I looked to Sam, who still stood by the door. He was facing the opposite wall, no reaction visible on his face.

“Why don’t you take me through that night again,” Caleb said, setting his pen down.

That night. The only thing he could be talking about was the night Nathaniel was murdered, but he’d said again. That meant he’d asked these questions before.

“June?”

“The night of the Faire?”

“Yes. The night of the Midsummer Faire.”

My mind was moving so fast now that I could hardly track the thoughts. They were one huge storm in my head.

That night, you were home. With Eamon and Annie. Just the three of you.

Esther’s frantic words rang in my skull.

“Where did you go after the Faire, June?” Caleb pressed.

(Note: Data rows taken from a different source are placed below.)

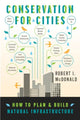 Book cover of: Conservation for Cities. By: Robert Ian McDonald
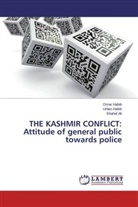 Shahid Ali, Oma Habib, Omar Habib, Urfai Habib, Urfain Habib - THE KASHMIR CONFLICT: Attitude of general public towards police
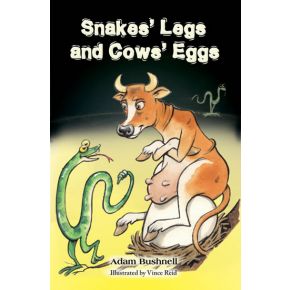Snakes' Legs and Cows' Eggs 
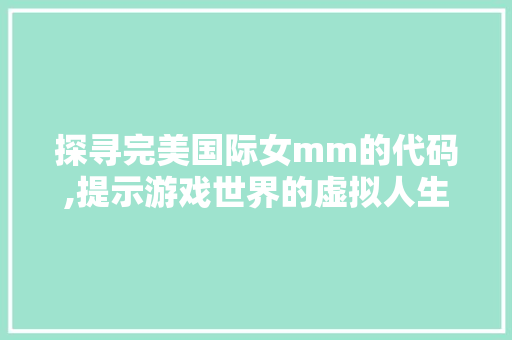 探寻完美国际女mm的代码,提示游戏世界的虚拟人生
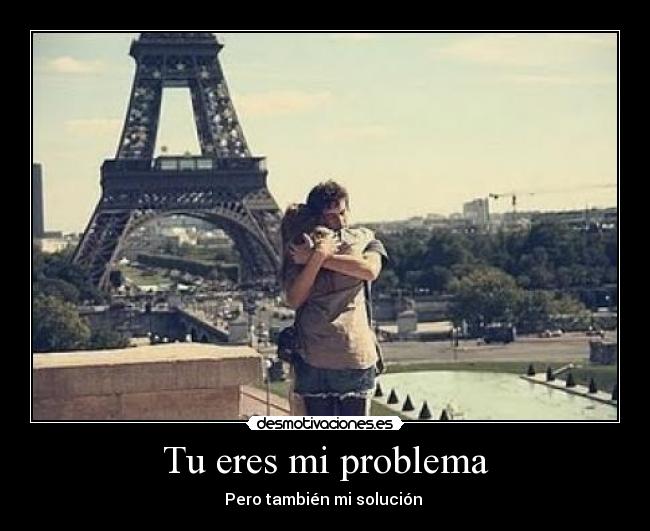 Tu eres mi problema - 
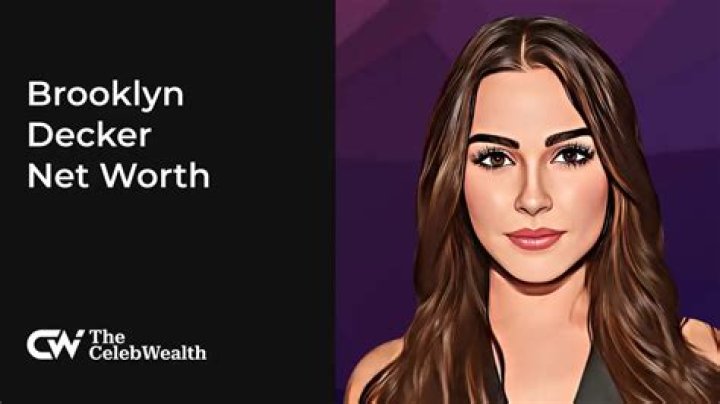 Brooklyn Decker’s net worth, biography, fact, career, awards and life story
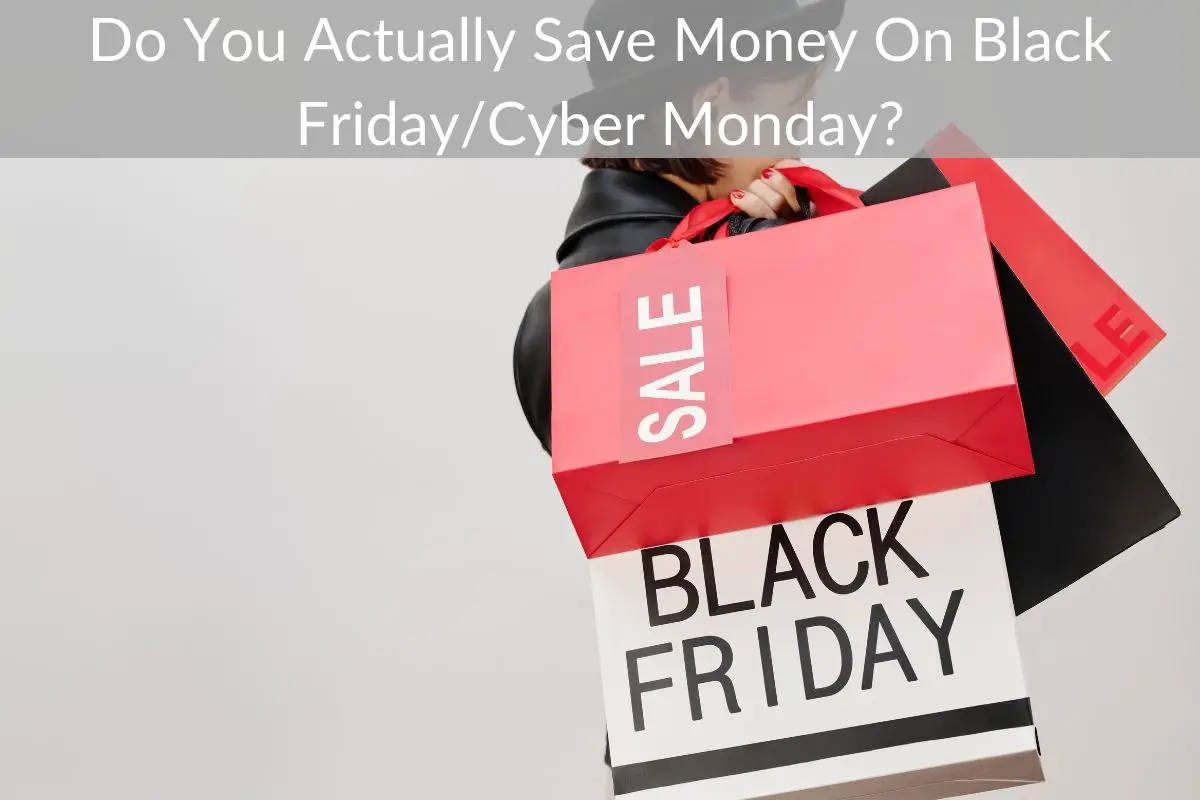 Do You Actually Save Money On Black Friday/Cyber Monday?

“We were home. The three of us. All night.”

Caleb’s eyes narrowed again. I’d said something wrong. “You went home together?”

“Yes,” I said, too loudly.

Caleb and Sam met eyes across the room, and I bit down so hard that my teeth ached. I’d messed up somewhere, but I didn’t know how. I was stumbling in the dark, Esther’s incomplete instructions and the few articles I’d read the only things lighting my path.

“That’s not exactly what you told us last time.”

I smiled, but it felt misshapen on my face. “It’s not?”

“No.”

Caleb gestured to Sam, who moved away from the wall, reaching for the machine on the table in the corner. He pressed the button, and the tables started turning. A scratching buzz sounded in the silence, and all the air left my lungs when I heard it.